The idea of retelling a story has been around for a long time. Wayne Dyer calls it the "Switch Game" where we shift from helpful to unhelpful thoughts as a way of creating pleasurable emotional experiences for ourselves.
My recent post Aligning Leadership Behavior with Emotional Norms
April 15th, 2011
I advocate mindfulness and equanimity a lot on this blog. I certainly think it is a valuable (if not irreplaceable) supplement to CBT and reframing. At the same time, I don't get hooked up on the positive-negative dichotomy. The big reason for practicing reframing in the first place is to see the non-duality of it.
Cheers for stopping by!
April 5th, 2011
I love the section about turning a negative into a positive! It's easiest to do this for things that happened a long time ago. The secret is that we can also do it for things that happened yesterday, or are happening today!
The key is to change perspective, notice the lessons you're learning, and recognize the value the "bad" event could help you bring to the world.
Thanks for this post!
Love,
CarolAnn http://CharismaU.com
My recent post Get a little bit stonger
September 16th, 2011
Reframing is so important and I really like your take on it.
One of my favourite books on this subject is 'the magic of thinking big' which really shows you how to think positively to get what you want.

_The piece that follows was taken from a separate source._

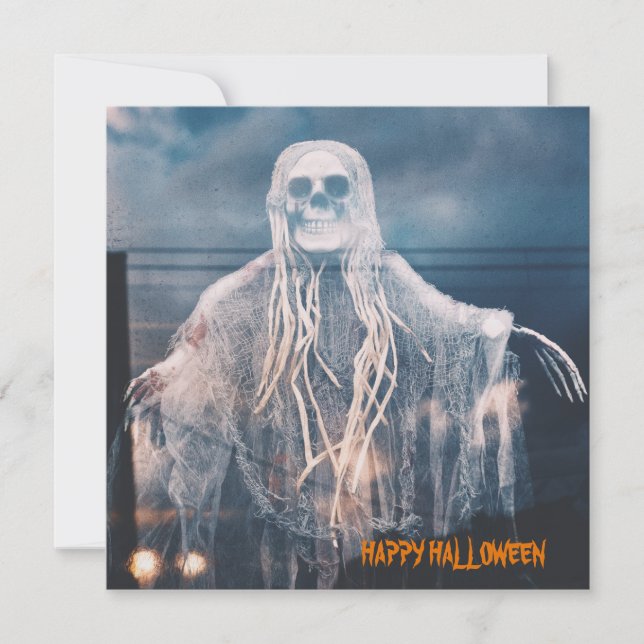 Tarjeta Ghost Wish Happy Halloween Personalizado (Anverso)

There are always going to be negative and positive perspective, I just choose to think positively
September 19th, 2011
I like reframing because it turns all of those 'I can'ts' into 'I can's'
We can do anything if we put our minds to it
My recent post undefined
November 8th, 2011
I love the reframing concept, I do believe we are energy converters and this is the scientific process that happens when we convert energy, we reframe it. Awesome, simple, powerful.
HappyRozhy
November 14th, 2011
Thanks for the video. That helped out a lot. I like being able to do the do-it-yourself stuff. It makes you feel as if you accomplished something big! Thanks again!